Task objective
Below are the entries to work from; restate word for word the portion that opens with the line containing "Michelle Rodriguez Instagram" and closes with the line containing "boulangerie Littner", keeping both.

Records provided
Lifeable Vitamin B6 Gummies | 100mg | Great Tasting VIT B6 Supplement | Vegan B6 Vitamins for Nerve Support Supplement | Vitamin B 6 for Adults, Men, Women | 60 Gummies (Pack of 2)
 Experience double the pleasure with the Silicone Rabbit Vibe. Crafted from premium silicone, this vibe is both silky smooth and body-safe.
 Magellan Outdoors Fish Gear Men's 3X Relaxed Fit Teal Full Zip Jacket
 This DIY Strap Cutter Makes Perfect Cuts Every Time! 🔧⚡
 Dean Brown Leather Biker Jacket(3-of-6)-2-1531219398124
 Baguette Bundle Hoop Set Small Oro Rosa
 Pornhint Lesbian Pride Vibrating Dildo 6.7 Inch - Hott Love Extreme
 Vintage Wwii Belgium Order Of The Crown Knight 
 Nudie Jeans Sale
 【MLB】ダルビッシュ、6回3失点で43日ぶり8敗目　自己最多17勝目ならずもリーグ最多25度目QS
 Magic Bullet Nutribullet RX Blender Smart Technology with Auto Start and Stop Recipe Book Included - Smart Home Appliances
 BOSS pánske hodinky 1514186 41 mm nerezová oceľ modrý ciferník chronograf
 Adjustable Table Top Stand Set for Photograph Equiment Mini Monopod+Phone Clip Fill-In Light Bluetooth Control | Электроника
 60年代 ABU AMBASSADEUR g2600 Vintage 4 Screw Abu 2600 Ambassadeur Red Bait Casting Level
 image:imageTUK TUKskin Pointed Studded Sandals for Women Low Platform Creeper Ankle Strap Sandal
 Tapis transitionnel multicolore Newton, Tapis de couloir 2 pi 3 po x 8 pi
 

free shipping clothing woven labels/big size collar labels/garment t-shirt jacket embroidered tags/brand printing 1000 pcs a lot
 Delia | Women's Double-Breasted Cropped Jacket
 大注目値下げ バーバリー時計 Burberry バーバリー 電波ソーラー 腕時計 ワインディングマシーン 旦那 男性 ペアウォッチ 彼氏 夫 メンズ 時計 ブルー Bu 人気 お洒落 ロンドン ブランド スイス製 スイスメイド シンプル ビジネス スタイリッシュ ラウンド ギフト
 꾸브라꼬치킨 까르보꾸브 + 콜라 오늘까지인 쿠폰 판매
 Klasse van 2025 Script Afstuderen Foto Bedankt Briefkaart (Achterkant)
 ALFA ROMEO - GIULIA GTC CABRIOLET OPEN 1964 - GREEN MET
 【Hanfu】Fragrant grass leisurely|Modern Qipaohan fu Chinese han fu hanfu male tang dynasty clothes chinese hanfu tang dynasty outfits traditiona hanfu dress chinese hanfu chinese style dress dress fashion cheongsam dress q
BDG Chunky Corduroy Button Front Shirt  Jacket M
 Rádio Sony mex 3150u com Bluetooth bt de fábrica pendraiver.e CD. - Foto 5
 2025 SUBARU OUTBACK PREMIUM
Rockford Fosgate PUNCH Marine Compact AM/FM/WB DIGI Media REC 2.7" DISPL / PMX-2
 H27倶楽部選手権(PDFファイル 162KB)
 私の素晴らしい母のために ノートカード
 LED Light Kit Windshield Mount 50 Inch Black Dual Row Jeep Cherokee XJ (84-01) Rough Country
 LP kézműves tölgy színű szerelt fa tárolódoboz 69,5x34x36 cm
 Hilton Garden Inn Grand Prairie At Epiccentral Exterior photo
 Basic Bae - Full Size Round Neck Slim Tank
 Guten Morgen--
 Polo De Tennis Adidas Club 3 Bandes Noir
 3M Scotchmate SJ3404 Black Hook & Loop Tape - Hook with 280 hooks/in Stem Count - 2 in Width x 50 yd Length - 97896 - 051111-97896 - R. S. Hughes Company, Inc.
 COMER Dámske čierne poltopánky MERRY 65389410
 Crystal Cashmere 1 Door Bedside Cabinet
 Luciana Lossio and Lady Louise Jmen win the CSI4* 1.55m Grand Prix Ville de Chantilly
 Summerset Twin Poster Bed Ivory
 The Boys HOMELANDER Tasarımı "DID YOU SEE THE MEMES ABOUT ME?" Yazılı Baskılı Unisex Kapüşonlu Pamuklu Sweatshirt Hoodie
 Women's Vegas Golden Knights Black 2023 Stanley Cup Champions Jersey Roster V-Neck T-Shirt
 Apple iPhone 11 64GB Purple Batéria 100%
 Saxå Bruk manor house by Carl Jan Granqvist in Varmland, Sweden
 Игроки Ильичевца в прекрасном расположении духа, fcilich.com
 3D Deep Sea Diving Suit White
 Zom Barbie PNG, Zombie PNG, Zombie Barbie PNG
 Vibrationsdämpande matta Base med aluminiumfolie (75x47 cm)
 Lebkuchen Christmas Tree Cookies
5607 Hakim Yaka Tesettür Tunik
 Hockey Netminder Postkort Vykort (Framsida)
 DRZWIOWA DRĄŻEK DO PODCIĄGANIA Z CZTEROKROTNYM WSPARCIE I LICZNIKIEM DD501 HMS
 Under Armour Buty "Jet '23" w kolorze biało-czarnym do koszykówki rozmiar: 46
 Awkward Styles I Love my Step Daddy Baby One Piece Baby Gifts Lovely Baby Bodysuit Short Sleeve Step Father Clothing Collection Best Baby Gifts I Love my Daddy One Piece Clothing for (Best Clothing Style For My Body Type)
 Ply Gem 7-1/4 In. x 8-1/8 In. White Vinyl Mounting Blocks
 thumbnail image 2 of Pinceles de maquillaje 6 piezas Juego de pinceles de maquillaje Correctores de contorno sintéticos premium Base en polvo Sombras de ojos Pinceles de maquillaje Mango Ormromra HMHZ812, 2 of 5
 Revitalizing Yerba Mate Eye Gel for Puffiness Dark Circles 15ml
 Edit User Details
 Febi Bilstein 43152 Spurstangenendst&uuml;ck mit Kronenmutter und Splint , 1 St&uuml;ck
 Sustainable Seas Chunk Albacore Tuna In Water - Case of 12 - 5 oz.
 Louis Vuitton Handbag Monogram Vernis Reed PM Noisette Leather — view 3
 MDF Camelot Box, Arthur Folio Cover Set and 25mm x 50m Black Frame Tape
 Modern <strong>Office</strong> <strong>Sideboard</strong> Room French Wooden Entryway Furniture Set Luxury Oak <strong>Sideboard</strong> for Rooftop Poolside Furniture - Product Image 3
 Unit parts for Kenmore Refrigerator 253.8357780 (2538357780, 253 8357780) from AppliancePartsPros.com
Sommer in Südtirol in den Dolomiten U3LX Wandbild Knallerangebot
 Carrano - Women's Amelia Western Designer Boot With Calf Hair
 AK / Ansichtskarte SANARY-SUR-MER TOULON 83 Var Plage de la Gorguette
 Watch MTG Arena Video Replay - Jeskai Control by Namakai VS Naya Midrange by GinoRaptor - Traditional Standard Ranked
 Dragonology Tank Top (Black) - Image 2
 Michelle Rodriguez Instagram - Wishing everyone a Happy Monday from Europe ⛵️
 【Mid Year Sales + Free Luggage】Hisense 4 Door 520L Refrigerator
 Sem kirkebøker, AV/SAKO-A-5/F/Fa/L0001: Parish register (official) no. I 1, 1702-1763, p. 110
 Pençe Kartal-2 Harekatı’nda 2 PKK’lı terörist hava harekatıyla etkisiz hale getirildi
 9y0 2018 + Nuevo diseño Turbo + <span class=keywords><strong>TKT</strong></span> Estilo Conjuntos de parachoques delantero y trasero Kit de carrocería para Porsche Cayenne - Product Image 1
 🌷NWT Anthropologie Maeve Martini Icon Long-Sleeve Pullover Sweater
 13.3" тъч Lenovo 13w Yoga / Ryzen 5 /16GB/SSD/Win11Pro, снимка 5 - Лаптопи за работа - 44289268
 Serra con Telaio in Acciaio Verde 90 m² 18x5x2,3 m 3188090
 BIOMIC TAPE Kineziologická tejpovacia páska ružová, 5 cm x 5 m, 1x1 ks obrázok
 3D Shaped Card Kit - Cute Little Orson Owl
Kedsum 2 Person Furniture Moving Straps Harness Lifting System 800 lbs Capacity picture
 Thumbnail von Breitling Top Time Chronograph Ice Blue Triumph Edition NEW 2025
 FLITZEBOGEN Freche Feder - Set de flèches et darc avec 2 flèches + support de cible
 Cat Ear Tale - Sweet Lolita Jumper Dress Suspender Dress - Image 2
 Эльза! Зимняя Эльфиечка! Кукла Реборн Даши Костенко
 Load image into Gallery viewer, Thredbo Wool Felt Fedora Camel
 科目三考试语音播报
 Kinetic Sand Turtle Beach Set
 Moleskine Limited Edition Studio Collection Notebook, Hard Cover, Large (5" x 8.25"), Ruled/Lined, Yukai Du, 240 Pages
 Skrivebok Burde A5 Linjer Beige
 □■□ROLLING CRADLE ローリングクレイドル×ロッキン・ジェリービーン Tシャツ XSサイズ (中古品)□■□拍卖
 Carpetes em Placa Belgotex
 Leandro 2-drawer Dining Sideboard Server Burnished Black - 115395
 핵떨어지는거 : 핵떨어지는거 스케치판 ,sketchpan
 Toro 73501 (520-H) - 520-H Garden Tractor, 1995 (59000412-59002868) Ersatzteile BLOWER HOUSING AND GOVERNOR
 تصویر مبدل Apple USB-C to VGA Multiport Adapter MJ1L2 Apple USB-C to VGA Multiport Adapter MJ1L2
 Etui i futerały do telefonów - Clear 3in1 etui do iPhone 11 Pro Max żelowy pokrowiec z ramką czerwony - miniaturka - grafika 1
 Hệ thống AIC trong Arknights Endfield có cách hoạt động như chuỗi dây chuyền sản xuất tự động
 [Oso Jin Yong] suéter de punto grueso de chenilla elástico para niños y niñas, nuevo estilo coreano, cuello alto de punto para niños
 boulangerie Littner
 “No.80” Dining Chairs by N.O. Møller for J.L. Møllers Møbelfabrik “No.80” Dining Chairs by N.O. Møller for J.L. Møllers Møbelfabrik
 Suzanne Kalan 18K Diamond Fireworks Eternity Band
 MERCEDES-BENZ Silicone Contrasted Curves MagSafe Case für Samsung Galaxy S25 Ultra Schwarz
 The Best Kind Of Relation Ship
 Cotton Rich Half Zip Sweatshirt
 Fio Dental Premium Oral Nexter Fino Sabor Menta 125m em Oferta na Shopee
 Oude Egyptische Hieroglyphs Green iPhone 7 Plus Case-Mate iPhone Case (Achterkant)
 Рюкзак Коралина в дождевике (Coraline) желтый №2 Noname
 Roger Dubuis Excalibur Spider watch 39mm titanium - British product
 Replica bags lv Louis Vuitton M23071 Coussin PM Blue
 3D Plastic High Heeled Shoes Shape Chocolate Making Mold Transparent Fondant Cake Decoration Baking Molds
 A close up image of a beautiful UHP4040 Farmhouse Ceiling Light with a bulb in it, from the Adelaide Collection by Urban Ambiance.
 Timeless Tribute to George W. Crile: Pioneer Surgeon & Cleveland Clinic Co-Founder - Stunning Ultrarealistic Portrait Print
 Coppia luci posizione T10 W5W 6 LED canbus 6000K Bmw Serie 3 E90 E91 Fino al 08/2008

Task solution
 Michelle Rodriguez Instagram - Wishing everyone a Happy Monday from Europe ⛵️
 【Mid Year Sales + Free Luggage】Hisense 4 Door 520L Refrigerator
 Sem kirkebøker, AV/SAKO-A-5/F/Fa/L0001: Parish register (official) no. I 1, 1702-1763, p. 110
 Pençe Kartal-2 Harekatı’nda 2 PKK’lı terörist hava harekatıyla etkisiz hale getirildi
 9y0 2018 + Nuevo diseño Turbo + <span class=keywords><strong>TKT</strong></span> Estilo Conjuntos de parachoques delantero y trasero Kit de carrocería para Porsche Cayenne - Product Image 1
 🌷NWT Anthropologie Maeve Martini Icon Long-Sleeve Pullover Sweater
 13.3" тъч Lenovo 13w Yoga / Ryzen 5 /16GB/SSD/Win11Pro, снимка 5 - Лаптопи за работа - 44289268
 Serra con Telaio in Acciaio Verde 90 m² 18x5x2,3 m 3188090
 BIOMIC TAPE Kineziologická tejpovacia páska ružová, 5 cm x 5 m, 1x1 ks obrázok
 3D Shaped Card Kit - Cute Little Orson Owl
Kedsum 2 Person Furniture Moving Straps Harness Lifting System 800 lbs Capacity picture
 Thumbnail von Breitling Top Time Chronograph Ice Blue Triumph Edition NEW 2025
 FLITZEBOGEN Freche Feder - Set de flèches et darc avec 2 flèches + support de cible
 Cat Ear Tale - Sweet Lolita Jumper Dress Suspender Dress - Image 2
 Эльза! Зимняя Эльфиечка! Кукла Реборн Даши Костенко
 Load image into Gallery viewer, Thredbo Wool Felt Fedora Camel
 科目三考试语音播报
 Kinetic Sand Turtle Beach Set
 Moleskine Limited Edition Studio Collection Notebook, Hard Cover, Large (5" x 8.25"), Ruled/Lined, Yukai Du, 240 Pages
 Skrivebok Burde A5 Linjer Beige
 □■□ROLLING CRADLE ローリングクレイドル×ロッキン・ジェリービーン Tシャツ XSサイズ (中古品)□■□拍卖
 Carpetes em Placa Belgotex
 Leandro 2-drawer Dining Sideboard Server Burnished Black - 115395
 핵떨어지는거 : 핵떨어지는거 스케치판 ,sketchpan
 Toro 73501 (520-H) - 520-H Garden Tractor, 1995 (59000412-59002868) Ersatzteile BLOWER HOUSING AND GOVERNOR
 تصویر مبدل Apple USB-C to VGA Multiport Adapter MJ1L2 Apple USB-C to VGA Multiport Adapter MJ1L2
 Etui i futerały do telefonów - Clear 3in1 etui do iPhone 11 Pro Max żelowy pokrowiec z ramką czerwony - miniaturka - grafika 1
 Hệ thống AIC trong Arknights Endfield có cách hoạt động như chuỗi dây chuyền sản xuất tự động
 [Oso Jin Yong] suéter de punto grueso de chenilla elástico para niños y niñas, nuevo estilo coreano, cuello alto de punto para niños
 boulangerie Littner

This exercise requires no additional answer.